Depois dos atentados de 11 de setembro, não é uma preocupação legítima dos candidatos à Casa Branca se preparar para “guerras assimétricas”. Já a criação de agências e brigadas civis para “reconstruir e administrar os territórios e os governos incorporados ou atingidos pelo poder americano” é uma conseqüência da guerra no Iraque.

Ao derrubar Saddam Hussein, os EUA destruíram o Estado iraquiano, causando caos e anarquia que levaram ao nível de violência a que assistimos nos últimos anos. A conclusão é simples: não basta ganhar a guerra militarmente; é preciso conquistar a paz.

Se a guerra, como disse o estrategista alemão Carl von Clausewitz, “a continuação da política por outros meios”, quando cessam os combates, volta a política tradicional. O país precisa ser pacificado, o que a ONU tem feito por todo o mundo desde 1945.

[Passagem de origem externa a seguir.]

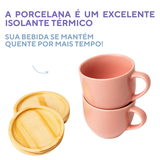 Jogo 6 Xícara De Porcelana Rosa Com Pires Madeira Pinus Café Rosa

A realidade é simples: os EUA são o país mais poderoso do mundo mas sua hegemonia está em processo de erosão. Os atentados de 11 de setembro provocaram um renascimento do poder imperial enterrado nos pântanos do Vietnã. Mas o mundo não é regido por uma conspiração americana, a não ser para intelectuais em cujas cabeças o Muro de Berlim ainda não caiu. Eles insistem em ver o mundo sob o prisma do marxismo-leninismo. Só que esse prisma rachou e multiplica as falsas quimeras como numa sala cheia de espelhos.